Billed as the ship that “not even God could sink,” after the starboard side of the RMS Titanic struck the iceberg it took only two hours and 40 minutes for her to disappear under the eerily placid waters of the Atlantic about 375 miles south of Newfoundland. The White Star Line’s much acclaimed 46,300-ton truly titanic luxury vessel sank, along with more than 1,500 passengers, 1,200 pudding dishes, 1,000 oyster forks, 400 asparagus tongs and countless other miscellaneous comfort items to the bottom of the sea.

The winter of 1911-1912 had been unusually mild. Higher-than-normal temperatures in the North Atlantic had caused more icebergs to drift away from the west coast of Greenland than at any time in the previous 50 years. If not for that one unseasonably warm winter, perhaps the Titanic might never have had an iceberg to hit.

It has been noted that wireless operators aboard had received warnings from other vessels in the area about large concentrations of icebergs in the area.

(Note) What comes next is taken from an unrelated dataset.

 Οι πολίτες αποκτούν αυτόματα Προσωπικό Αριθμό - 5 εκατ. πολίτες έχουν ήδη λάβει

The fact that the fateful, fatal collision might have been avoided makes the disaster even more tragic.

Billy Graham is quoted as remarking that “The greatest surprise in life to me is the brevity of life.” Surprised would be an understatement in the minds of passengers swallowed up in the frigid waters and those fortunate few clinging to lifeboats that night, never imagining that tomorrow might not come.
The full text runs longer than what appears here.